• **Brief**:
Below are the records; copy each line in which "recommend" can be found.

• **Given data**:
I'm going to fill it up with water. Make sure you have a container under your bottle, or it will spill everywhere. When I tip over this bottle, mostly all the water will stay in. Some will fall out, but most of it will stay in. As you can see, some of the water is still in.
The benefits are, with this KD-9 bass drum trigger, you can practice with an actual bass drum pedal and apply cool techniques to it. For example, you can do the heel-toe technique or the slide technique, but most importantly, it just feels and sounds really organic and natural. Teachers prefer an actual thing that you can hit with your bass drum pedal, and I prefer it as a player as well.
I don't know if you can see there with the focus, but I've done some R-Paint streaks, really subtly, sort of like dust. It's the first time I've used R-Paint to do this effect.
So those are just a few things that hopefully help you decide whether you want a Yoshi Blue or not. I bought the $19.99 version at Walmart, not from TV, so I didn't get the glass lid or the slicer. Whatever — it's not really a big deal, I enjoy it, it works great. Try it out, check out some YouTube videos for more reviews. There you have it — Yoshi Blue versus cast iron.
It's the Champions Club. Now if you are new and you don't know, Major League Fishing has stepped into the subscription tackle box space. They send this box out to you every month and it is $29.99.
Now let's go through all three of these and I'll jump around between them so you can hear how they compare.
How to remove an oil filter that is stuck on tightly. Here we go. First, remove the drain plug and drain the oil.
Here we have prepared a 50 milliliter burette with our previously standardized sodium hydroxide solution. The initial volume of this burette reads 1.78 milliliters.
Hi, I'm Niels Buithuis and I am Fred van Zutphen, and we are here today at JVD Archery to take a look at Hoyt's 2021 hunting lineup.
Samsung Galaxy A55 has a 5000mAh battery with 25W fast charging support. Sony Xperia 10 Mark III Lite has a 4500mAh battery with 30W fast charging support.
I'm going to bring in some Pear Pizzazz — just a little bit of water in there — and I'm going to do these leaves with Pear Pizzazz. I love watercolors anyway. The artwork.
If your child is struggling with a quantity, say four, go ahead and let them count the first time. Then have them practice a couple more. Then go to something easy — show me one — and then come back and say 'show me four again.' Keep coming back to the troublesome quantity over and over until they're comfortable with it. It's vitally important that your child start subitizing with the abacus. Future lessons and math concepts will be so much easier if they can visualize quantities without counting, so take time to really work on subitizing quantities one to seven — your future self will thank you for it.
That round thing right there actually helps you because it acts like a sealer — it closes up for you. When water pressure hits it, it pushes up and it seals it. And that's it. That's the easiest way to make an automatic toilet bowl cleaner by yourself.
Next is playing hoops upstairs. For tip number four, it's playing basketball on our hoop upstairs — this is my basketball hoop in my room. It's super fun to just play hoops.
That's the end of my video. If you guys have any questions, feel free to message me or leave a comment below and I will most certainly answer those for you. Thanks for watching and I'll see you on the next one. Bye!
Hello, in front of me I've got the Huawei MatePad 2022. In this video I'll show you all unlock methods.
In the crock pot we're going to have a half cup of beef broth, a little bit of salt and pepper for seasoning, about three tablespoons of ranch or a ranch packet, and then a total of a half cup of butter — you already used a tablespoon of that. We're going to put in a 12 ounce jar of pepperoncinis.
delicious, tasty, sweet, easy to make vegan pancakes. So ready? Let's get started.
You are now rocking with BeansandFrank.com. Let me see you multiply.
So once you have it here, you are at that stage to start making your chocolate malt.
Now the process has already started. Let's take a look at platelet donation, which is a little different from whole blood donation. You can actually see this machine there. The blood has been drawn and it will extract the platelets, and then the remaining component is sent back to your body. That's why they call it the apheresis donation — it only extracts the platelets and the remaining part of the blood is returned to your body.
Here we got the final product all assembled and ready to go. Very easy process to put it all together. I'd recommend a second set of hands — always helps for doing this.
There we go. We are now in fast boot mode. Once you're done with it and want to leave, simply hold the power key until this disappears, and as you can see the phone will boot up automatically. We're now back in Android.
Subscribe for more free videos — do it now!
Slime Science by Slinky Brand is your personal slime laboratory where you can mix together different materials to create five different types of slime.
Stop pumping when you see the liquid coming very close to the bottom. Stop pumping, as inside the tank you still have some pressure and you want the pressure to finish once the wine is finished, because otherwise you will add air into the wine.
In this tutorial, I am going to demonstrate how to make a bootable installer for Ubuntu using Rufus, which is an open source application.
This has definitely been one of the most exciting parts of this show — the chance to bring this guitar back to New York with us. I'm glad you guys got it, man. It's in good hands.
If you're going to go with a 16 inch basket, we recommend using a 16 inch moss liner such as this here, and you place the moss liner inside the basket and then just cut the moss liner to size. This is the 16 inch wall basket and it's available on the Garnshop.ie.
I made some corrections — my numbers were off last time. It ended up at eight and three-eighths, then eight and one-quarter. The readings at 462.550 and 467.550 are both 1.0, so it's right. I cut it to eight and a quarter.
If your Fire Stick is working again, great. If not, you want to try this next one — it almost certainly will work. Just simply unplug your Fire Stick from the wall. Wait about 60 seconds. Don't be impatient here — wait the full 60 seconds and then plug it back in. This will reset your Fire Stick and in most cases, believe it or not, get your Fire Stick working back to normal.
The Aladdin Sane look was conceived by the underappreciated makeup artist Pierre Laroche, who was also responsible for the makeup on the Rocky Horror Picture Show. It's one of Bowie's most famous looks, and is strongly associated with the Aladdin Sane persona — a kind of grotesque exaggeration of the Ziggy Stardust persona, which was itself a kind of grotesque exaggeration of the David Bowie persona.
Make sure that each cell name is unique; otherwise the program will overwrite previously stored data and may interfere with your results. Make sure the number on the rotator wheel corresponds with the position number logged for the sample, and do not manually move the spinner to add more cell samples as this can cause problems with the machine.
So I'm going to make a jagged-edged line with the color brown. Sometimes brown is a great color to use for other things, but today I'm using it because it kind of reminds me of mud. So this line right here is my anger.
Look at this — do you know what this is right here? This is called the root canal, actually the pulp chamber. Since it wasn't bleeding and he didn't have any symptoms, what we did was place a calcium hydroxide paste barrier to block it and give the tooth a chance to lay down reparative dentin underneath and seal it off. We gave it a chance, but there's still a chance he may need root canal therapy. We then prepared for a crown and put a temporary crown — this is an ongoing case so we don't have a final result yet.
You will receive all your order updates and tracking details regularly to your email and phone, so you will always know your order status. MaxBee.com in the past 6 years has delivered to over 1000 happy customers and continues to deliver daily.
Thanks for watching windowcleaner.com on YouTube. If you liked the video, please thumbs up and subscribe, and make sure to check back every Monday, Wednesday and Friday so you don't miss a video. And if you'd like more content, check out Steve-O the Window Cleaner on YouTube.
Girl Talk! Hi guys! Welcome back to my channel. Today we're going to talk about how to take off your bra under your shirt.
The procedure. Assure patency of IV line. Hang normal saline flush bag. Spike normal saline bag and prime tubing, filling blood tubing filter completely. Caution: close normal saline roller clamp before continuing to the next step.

• **Output for this exercise**:
Here we got the final product all assembled and ready to go. Very easy process to put it all together. I'd recommend a second set of hands — always helps for doing this.
If you're going to go with a 16 inch basket, we recommend using a 16 inch moss liner such as this here, and you place the moss liner inside the basket and then just cut the moss liner to size. This is the 16 inch wall basket and it's available on the Garnshop.ie.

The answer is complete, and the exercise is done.